Conway said the Joneses kept Adrian naked in a shower stall and modified it so that he couldn't get out. She said they sometimes strapped her grandson to an inversion table and that they made him stand in a swimming pool overnight, up to his neck in stagnant water. Conway said the videos and photos show that Heather Jones sometimes beat Adrian with the end of a broom handle and kept alarms on the family's food so that he couldn't take any when he was hungry.
"There's no getting over it. There's no fix, there's no solution to our heartache.
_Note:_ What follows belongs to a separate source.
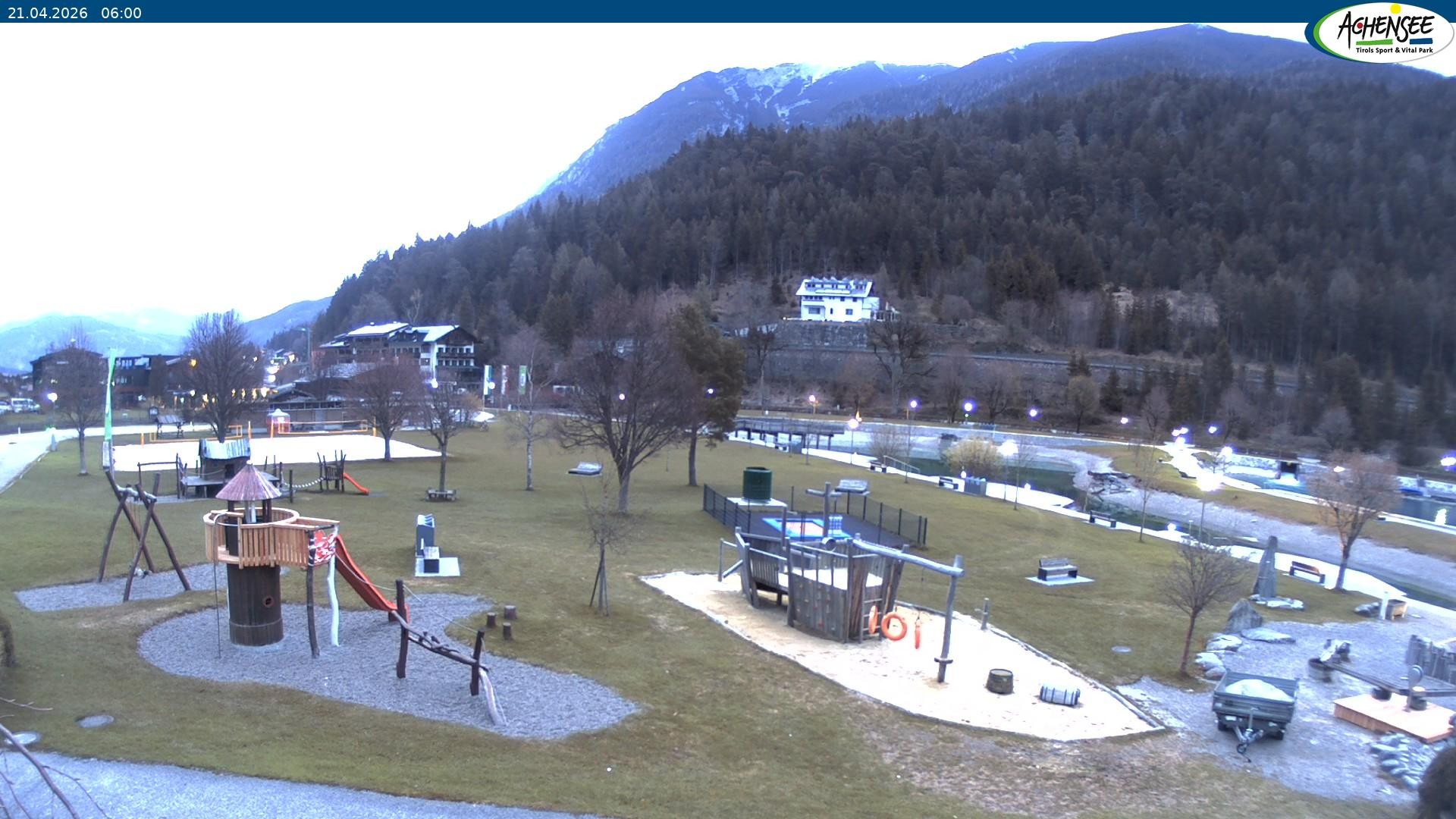 Archiv Foto Webcam Achensee - Badestrand in Achenkirch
There is no glue for our broken hearts, no remedy for our pain," Conway told Michael Jones in court Monday.
"I pray you have a long, tortured life in prison," added Pearce, Adrian's mother. "I don't know if I can forgive you, but I know you should suffer for what you did."
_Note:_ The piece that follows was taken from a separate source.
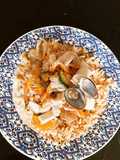 Mix de mariscos y verduras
The Kansas Department for Children and Families' chief, Phyllis Gilmore, said in a statement Friday that the agency "thoroughly investigated" each reported incident of alleged abuse or neglect involving Adrian, though she did not divulge the number of cases or their context.
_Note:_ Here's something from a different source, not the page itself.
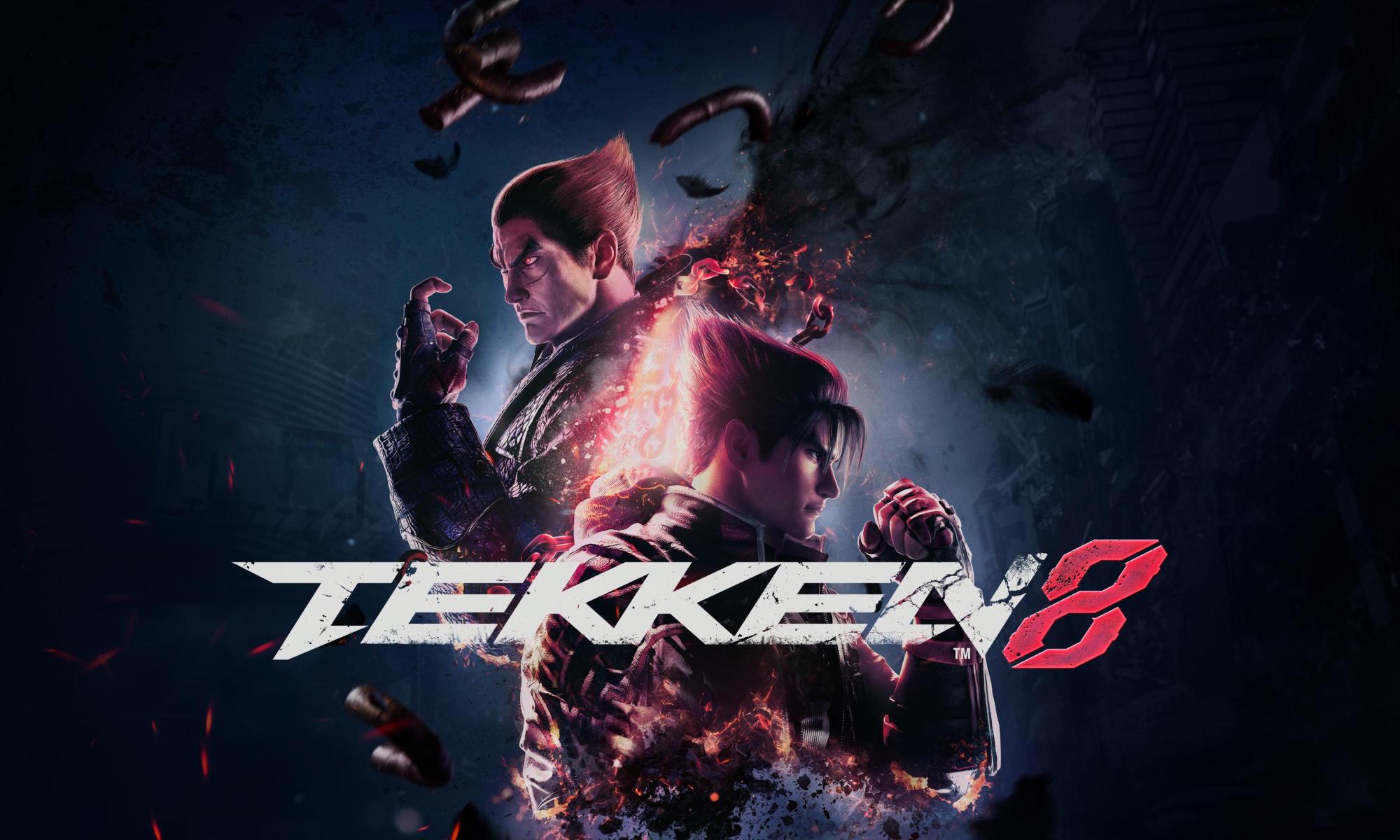 Tekken 8 – cover with logo in middle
Gilmore added that although the family's frequently alternating residency between Kansas and Missouri "greatly disrupted continuity of services and evaluation," Kansas child-welfare officials often shared information about Adrian "when known" with their Missouri counterparts.
Gilmore said her agency last had contact with the family in early 2012.
The department's records involving Adrian remain under court-ordered seal, though Gilmore said they will be released if a pending open-records request is granted.